Molti di noi conoscono Kalanchoe daigremontiana o Kalanchoe ×houghtonii, un suo ibrido oggi assai più diffuso della specie madre. Si tratta di membri della famiglia delle Crassulaceae le cui foglie presentano numerose gemme avventizie (i cosiddetti propaguli), che al minimo tocco cadono a terra e danno origine con estrema facilità a nuovi esemplari. K. daigremontiana, non diversamente da specie affini quali K. delagoensis, K. laetivirens e K. rosei, è una succulenta che può dare grandi soddisfazioni se coltivata in modo appropriato, ma al tempo stesso rappresenta una minaccia per l’ambiente in regioni dal clima mite quali la Nuova Zelanda e l’Australia, dove diventa rapidamente una pianta infestante, al punto che in molte località si raccomanda di non acquistarla. Il gelo generalmente è fatale per queste succulente, ma ho notato che un esemplare cresciuto casualmente in un vaso che tengo per tutto l’anno all’esterno, in una posizione riparata dalla pioggia, è sopravvissuto durante gli ultimi due inverni a Brescia. Esiste dunque la possibilità che a causa del riscaldamento climatico e della selezione naturale K. daigremontiana possa diventare una specie invasiva anche nell’Italia settentrionale. Lo stesso vale per Carpobrotus edulis, Crassula muscosa, Opuntia ficus-indica e innumerevoli altre succulente. Come regolarsi in questi casi?
A mio giudizio un divieto di coltivazione avrebbe poco senso, oltre a essere virtualmente inapplicabile, e anche una raccomandazione non sortirebbe gli effetti sperati. È preferibile usare il buon senso e crescere queste piante in modo consapevole, dunque evitando di gettare oltre la staccionata foglie e propaguli, astenendosi dal collocare degli esemplari in prossimità di aree naturali facilmente colonizzabili (quali ad esempio pareti rocciose o zone con macchia mediterranea) e rimuovendo tempestivamente le infiorescenze per scongiurare la dispersione dei semi. Detto questo, occorre altresì ricordare che molte piante ormai entrate a far parte dei nostri paesaggi erano originariamente alloctone: l’ulivo proviene dall’Asia Minore, il melo dal Kazakistan, la vite dal Caucaso.

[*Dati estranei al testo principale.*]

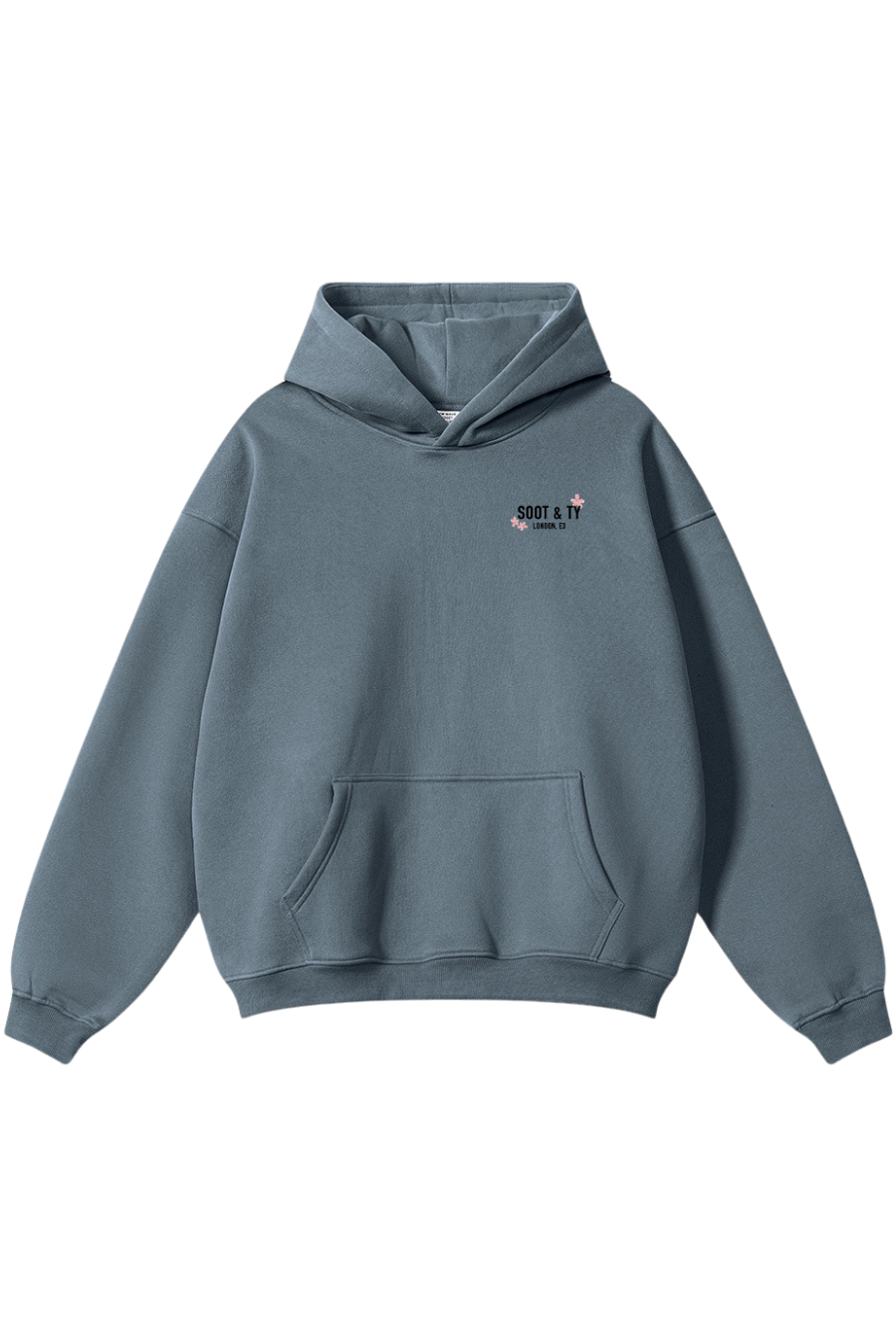 Soot and Ty Reflective Dragon Print Relaxed Fit Livid Hoodie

È inevitabile che nei prossimi decenni altre specie, alcune delle quali sicuramente appartenenti alla categoria delle succulente, facciano il loro ingresso nella flora italiana. Il nostro compito è minimizzare i rischi per le specie endemiche coltivando le nostre piante grasse in modo responsabile, senza vane rinunce aprioristiche e senza negligenze facilmente evitabili. Nella consapevolezza che ciascuno di noi è in grado di plasmare l’ambiente che lo circonda, nel bene e nel male.